A Paris, un projet smart grid avare en résultats mais riche en leçons
Dans l'éco-quartier Clichy-Batignolles, la ville n'a pas réussi à tenir ses objectifs de consommation énergétique, mais s'est dotée de précieux outils pour ses prochains projets.
Entre les ambitieux objectifs environnementaux d'une ville et leur mise en musique par ses prestataires, il y a un monde. C'est pour tenter de mettre fin à cette situation que Paris s'est lancée pendant trois ans dans le projet smart grids CoRDEES, dont elle tire un premier bilan public ce 4 octobre, avec la publication d'un rapport détaillé sur cette expérimentation. Retour en arrière. En 2017, les premières constructions de l'éco-quartier Clichy-Batignolles (XVIIe arrondissement) sortent de terre. Et avec eux de premières évaluations de leur consommation énergétique, sur laquelle la mairie s'était fixé des objectifs très élevés (50 kWh par mètre carré par an). Déception. "Nous étions bien en-dessous", raconte Sabine Romon, responsable du pôle innovation de la ville de Paris.

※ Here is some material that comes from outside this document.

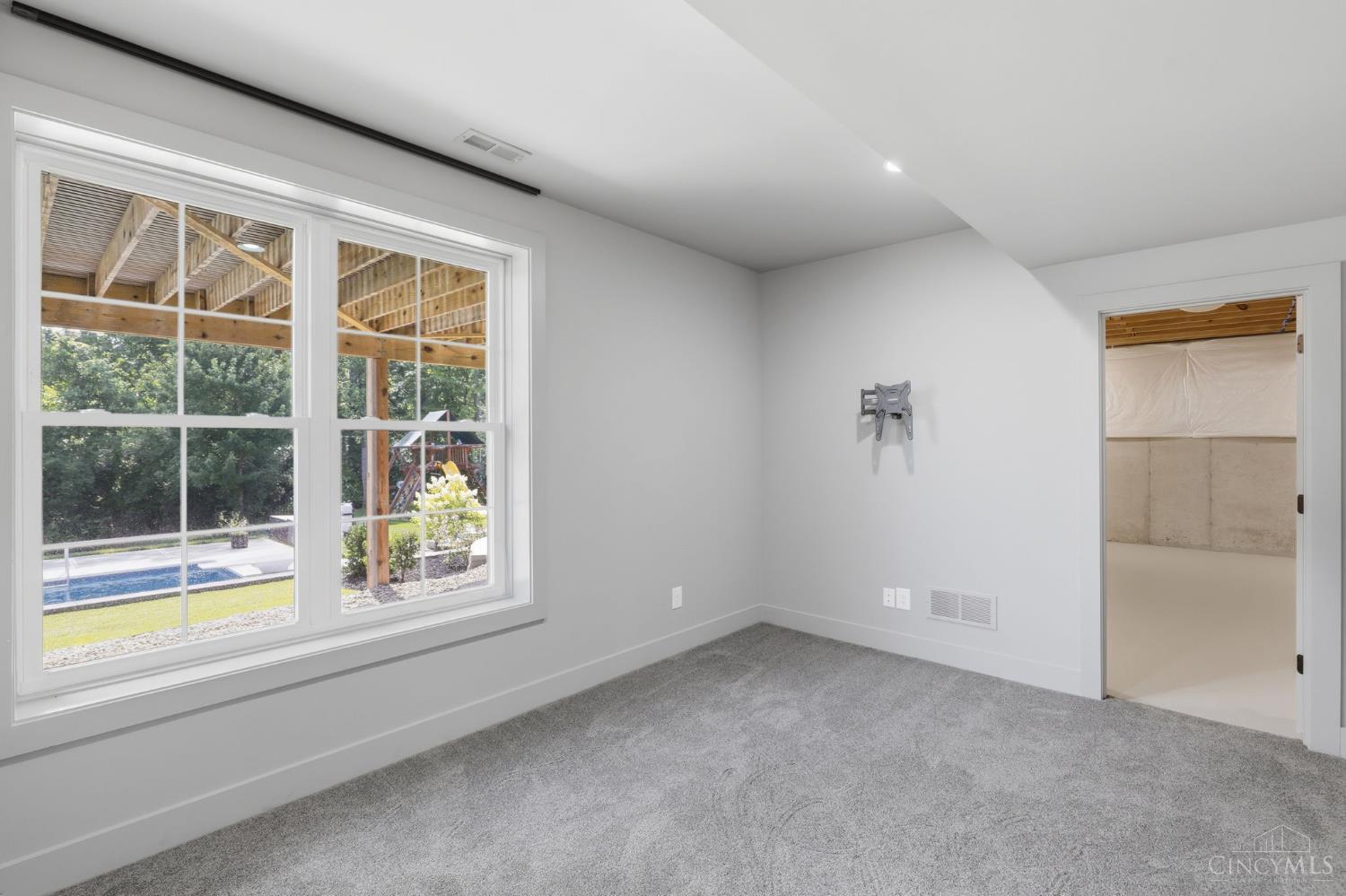 566 Forestedge Drive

La mairie cherche alors les raisons de cette situation et des solutions pour y remédier. Elle décide de lancer un projet de collecte de données de consommation énergétique, épaulée par des chercheurs des Mines ParisTech et Embix, filiale de Bouygues spécialisée dans la performance énergétique, avec le soutien de fonds européens. Première étape : la pose de capteurs, aussi bien sur différents nœuds des réseaux de chaleur et d'électricité pour analyser la consommation globale que dans les logements d'habitants volontaires pour l'affiner au niveau des foyers. Ces données ont ensuite été remontées sur une plateforme analytique, qui permet notamment de fournir aux foyers des informations sur leur propre consommation.
Chauffage détraqué
"Nous nous sommes rapidement rendu compte qu'il y avait un problème au niveau du réseau partagé de chaleur par géothermie. Plusieurs sous-stations installées dans les différents bâtiments du quartier étaient mal réglées", explique Sabine Romon. C'est l'un des problèmes des réseaux d'énergie partagés dans ce genre de quartiers mêlant bureaux, logements sociaux, copropriétés et commerces : les gestionnaires de chaque bâtiment sont responsables d'un nœud du réseau. Mal géré, un seul d'entre eux peut détraquer la consommation de l'ensemble du quartier.
Le dernier objectif du projet a donc été de développer une gouvernance énergétique en réunissant toutes les parties prenantes ayant une influence sur la consommation dans le quartier. Notamment pour s'assurer de la conformité des installations et de leur optimisation. Mais pour l'instant, ces acteurs ont refusé de prendre des engagements chiffrés pour respecter les objectifs initiaux de consommation, arguant qu'ils ne sont pas forcément maîtres de la consommation effective (comportement des habitants ou des clients). Pas facile de mettre d'accord différentes couches du mille-feuille immobilier aux intérêts variés, entre ceux qui construisent, ceux qui vendent, ceux qui gèrent et ceux qui habitent ces logements.
De nouvelles compétences
La ville a toutefois tiré plusieurs enseignements de cette expérimentation, qui seront mis en pratique dans un autre projet d'aménagement à Saint-Vincent-de-Paul (XIVe arrondissement). D'abord, il faut désormais obliger dès le départ, au moment de la rédaction du cahier des charges, les différentes parties prenantes à s'engager sur des niveaux de consommation. Et prévoir dès la conception des bâtiments une batterie de capteurs qui viendront vérifier le respect de ces engagements. Paris s'est aussi dotée de nouvelles compétences de modélisation et de simulation. "En ajoutant des consommations réelles à un modèle alimenté par des données macro comme celles de l'Insee, nous sommes capables avec assez peu de nouvelles données de simuler l'influence de différentes actions (travaux, conseils aux habitants…) sur la consommation énergétique d'un quartier", détaille Sabine Romon.
Alors que le projet CoRDEES s'achève fin octobre, Paris et ses partenaires souhaitent poursuivre l'expérimentation un an de plus. Pour ce faire, ils vont créer une association. Elle devra notamment poursuivre ses analyses sur un plus grand échantillon de données (des bâtiments sortent encore de terre cette année), et sur la production d'électricité photovoltaïque de certains bâtiments, peu étudiée jusqu'ici. Il faudra également mener une réflexion sur le statut juridique et le modèle économique d'un futur facilitateur énergétique, qui devra reprendre les missions de supervision de l'association dans de futurs projets.